Lorsque l’euro s’apprécie cela monte mécaniquement le prix des exportations européennes, libellées en euros. En effet, il faudra alors utiliser davantage de monnaie étrangère pour s’acquitter du paiement en euros. Ainsi, une appréciation de l’euro dégrade la compétitivité prix de la zone euro, c'est-à-dire la capacité à offrir un bien ou service à un prix inférieur à celui des concurrents.

2) Que désigne-t-on par le « seuil de douleur » de l’euro ?

Le « seuil de douleur » de l’euro, également appelé « seuil de souffrance », désigne la valeur de l’euro à partir de laquelle la compétitivité prix des exportations de la zone euro se dégrade.

3) Pourquoi le seuil de douleur de l’Allemagne est-il plus élevé que celui de la France ?
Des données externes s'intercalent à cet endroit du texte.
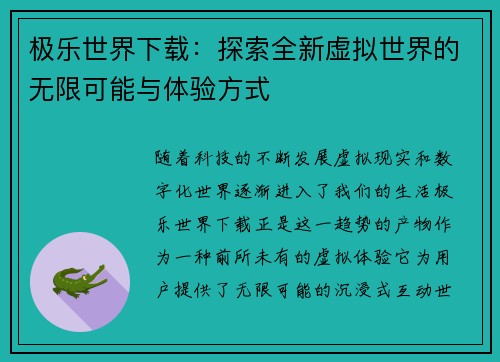 极乐世界下载：探索全新虚拟世界的无限可能与体验方式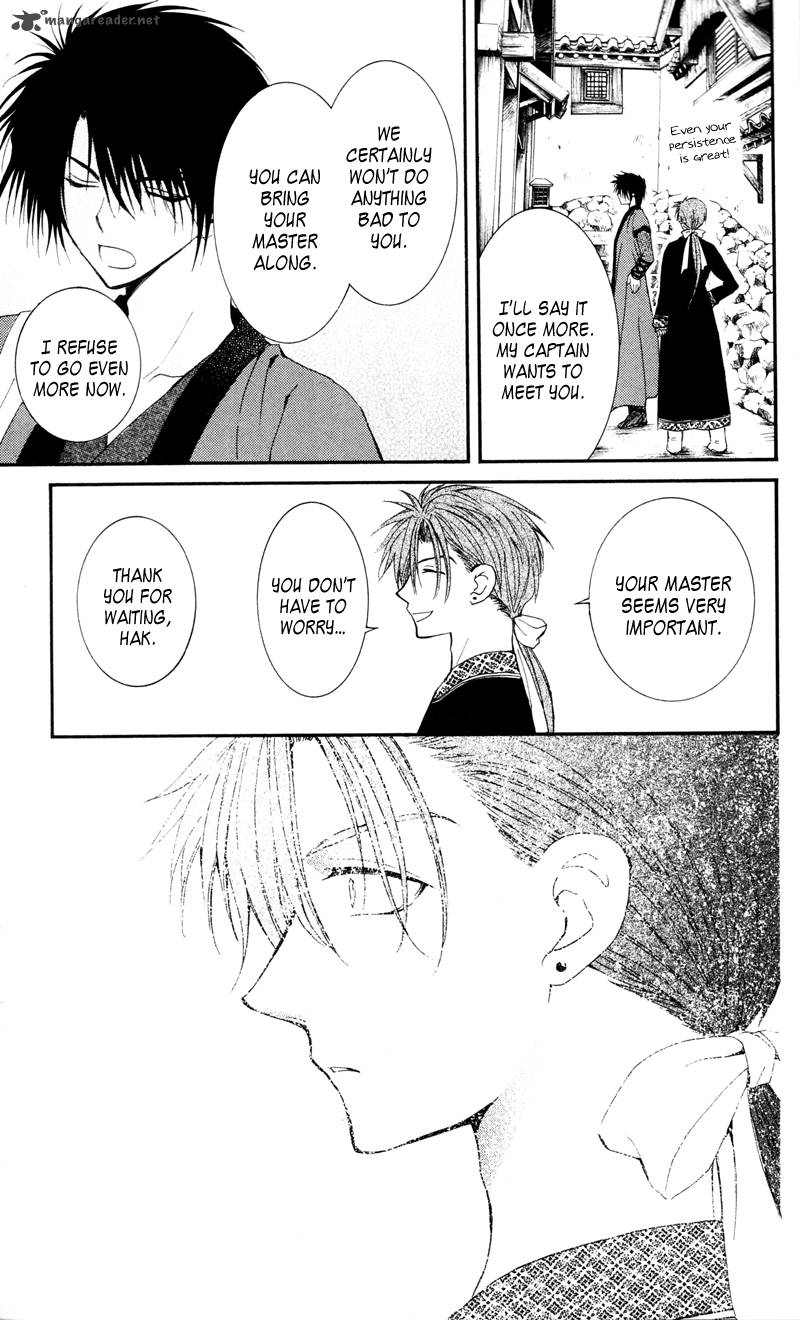 Akatsuki No Yona 29 31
En France, le seuil de douleur de l’euro est situé autour de 1,30 dollar, c'est-à-dire que l’euro pénalise l’économie française lorsqu’il vaut 1,30 dollar. En Allemagne, ce seuil est plus élevé et se situe entre 1,60 et 1,80 dollar. Cela s’explique par les différentiels de compétitivité. Pour les pays qui bénéficient d’une compétitivité prix, une appréciation de l’euro dégrade leur capacité à faire face à la concurrence étrangère, notamment dans le cas d’une spécialisation autour de produits bas de gamme. L’Allemagne jouit, elle, d’une compétitivité structurelle – ou hors prix – qui lui permet d’être moins impactée par les variations de change. Cette compétitivité structurelle repose sur la capacité à offrir des produits différenciés de ceux des concurrents, notamment en termes de qualité. L’Allemagne est spécialisée dans la production de biens manufacturés haut de gamme, elle est par conséquent moins touchée par l’appréciation de l’euro.